:: REQUIRED WORK ::
An exact reproduction of the records is required, with all images left out.
________________________
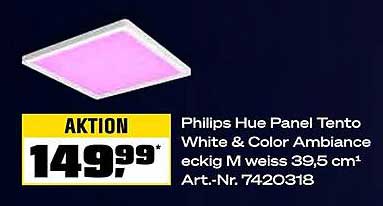 Philips Hue Panel Tanto White & Color Ambiance eckig M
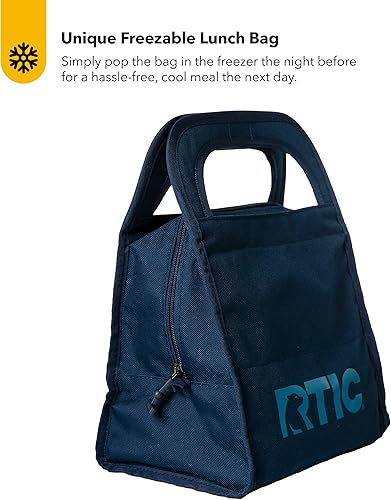 Miniatura 2 de RTIC Bolsa de almuerzo para hielo, congelable para mujeres y hombres, tela duradera reutilizable, gel seguro para alimentos, sin BPA, bolsas de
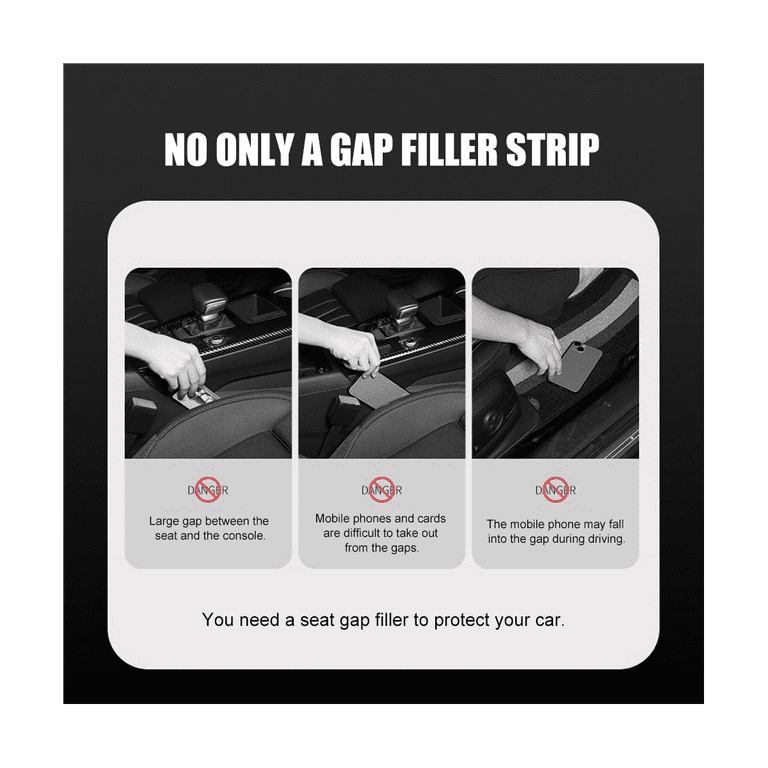 With Phone Slot PU Leak-proof Filling Strip Anti-Drop Seat Gap Strip Auto  Interior Accessories – the best products in the Joom Geek online store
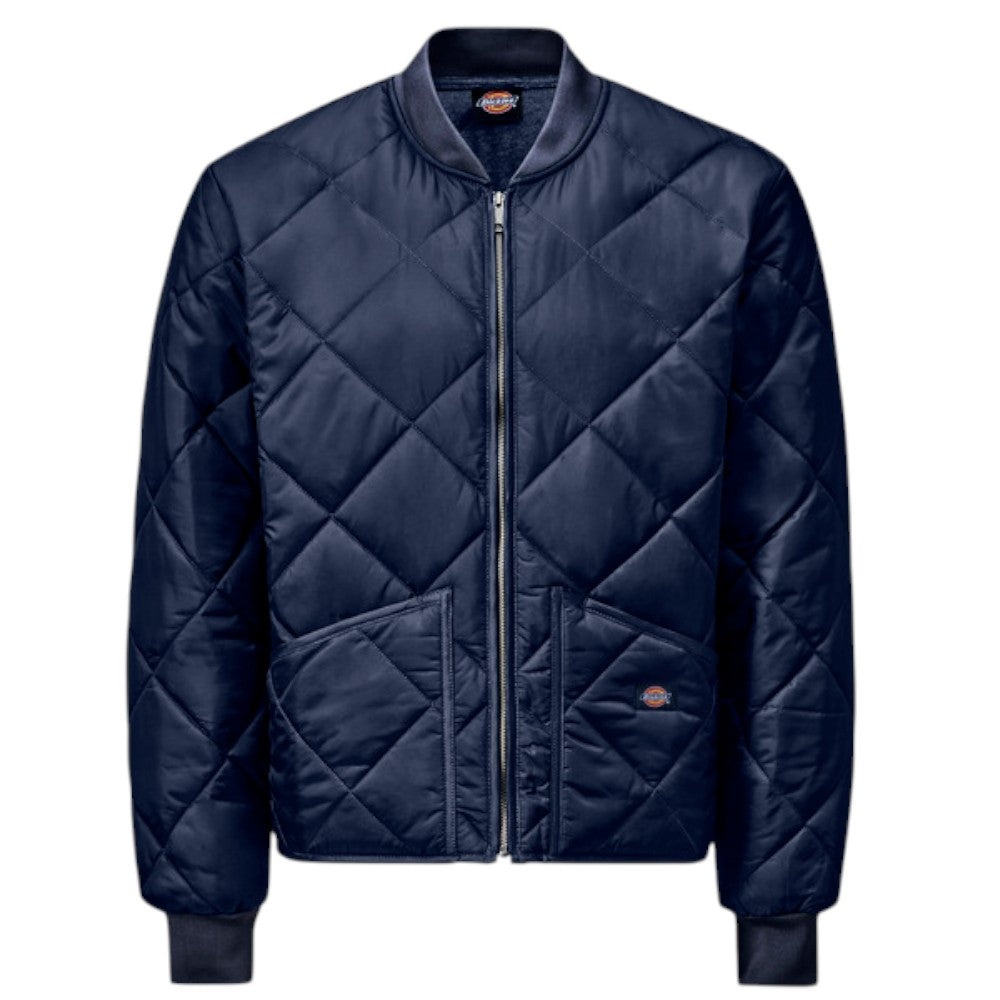 DICKIES Diamond Quilted Jacket - Dark Navy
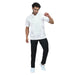 Classic Half Sleeve Zipper Chef Coat (White) - Free Embroidery - Uwears®
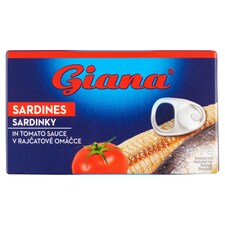 Giana Sardinky v paradajkovej omáčke 125 g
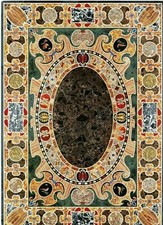 122cm x 81.3cm Noir Marbre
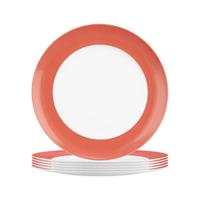 FRÜHSTÜCKSTELLER Liberty Pure Colors Flamingo Red ø 22,5 cm 6er Set - Rot, Keramik (22.6cm) - Seltmann Weiden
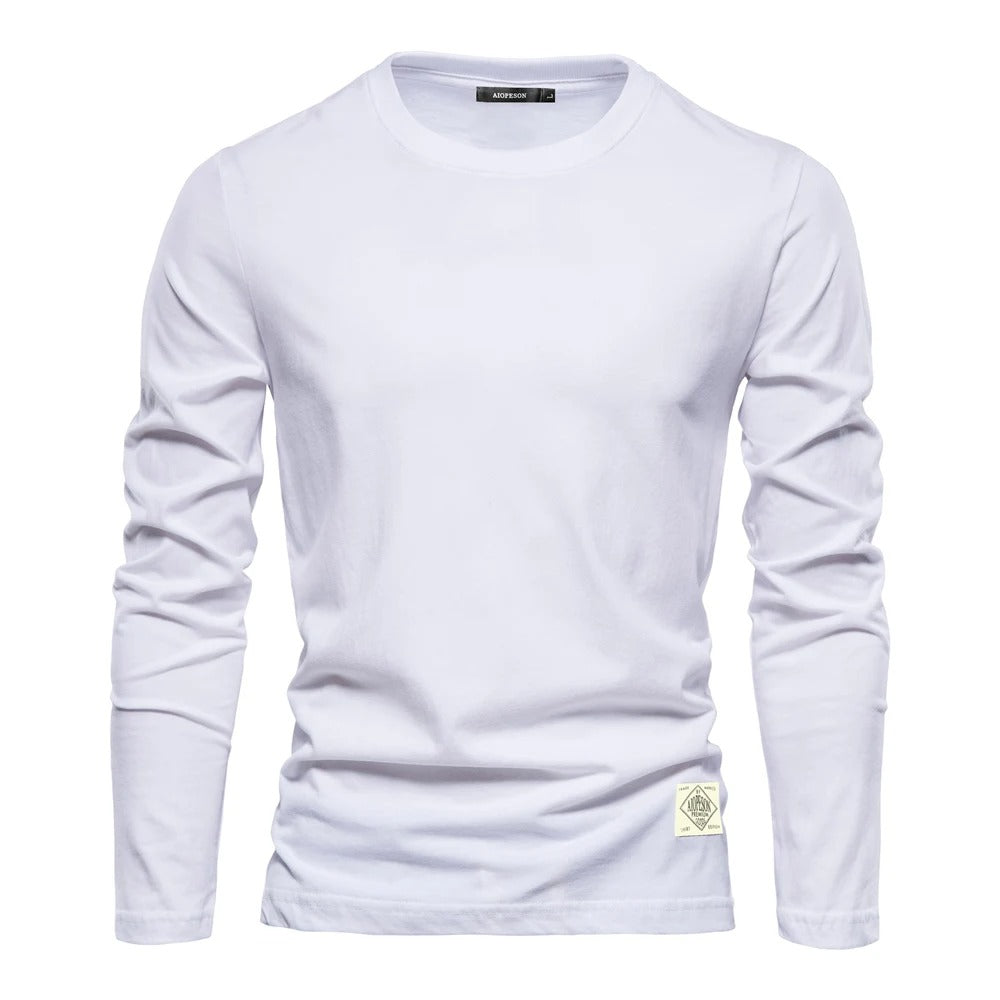 Herenklassiek T-shirt met lange mouwen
________________________
:: FINAL ANSWER ::
 Philips Hue Panel Tanto White & Color Ambiance eckig M
 Miniatura 2 de RTIC Bolsa de almuerzo para hielo, congelable para mujeres y hombres, tela duradera reutilizable, gel seguro para alimentos, sin BPA, bolsas de
 With Phone Slot PU Leak-proof Filling Strip Anti-Drop Seat Gap Strip Auto  Interior Accessories – the best products in the Joom Geek online store
 DICKIES Diamond Quilted Jacket - Dark Navy
 Classic Half Sleeve Zipper Chef Coat (White) - Free Embroidery - Uwears®
 Giana Sardinky v paradajkovej omáčke 125 g
 122cm x 81.3cm Noir Marbre
 FRÜHSTÜCKSTELLER Liberty Pure Colors Flamingo Red ø 22,5 cm 6er Set - Rot, Keramik (22.6cm) - Seltmann Weiden
 Herenklassiek T-shirt met lange mouwen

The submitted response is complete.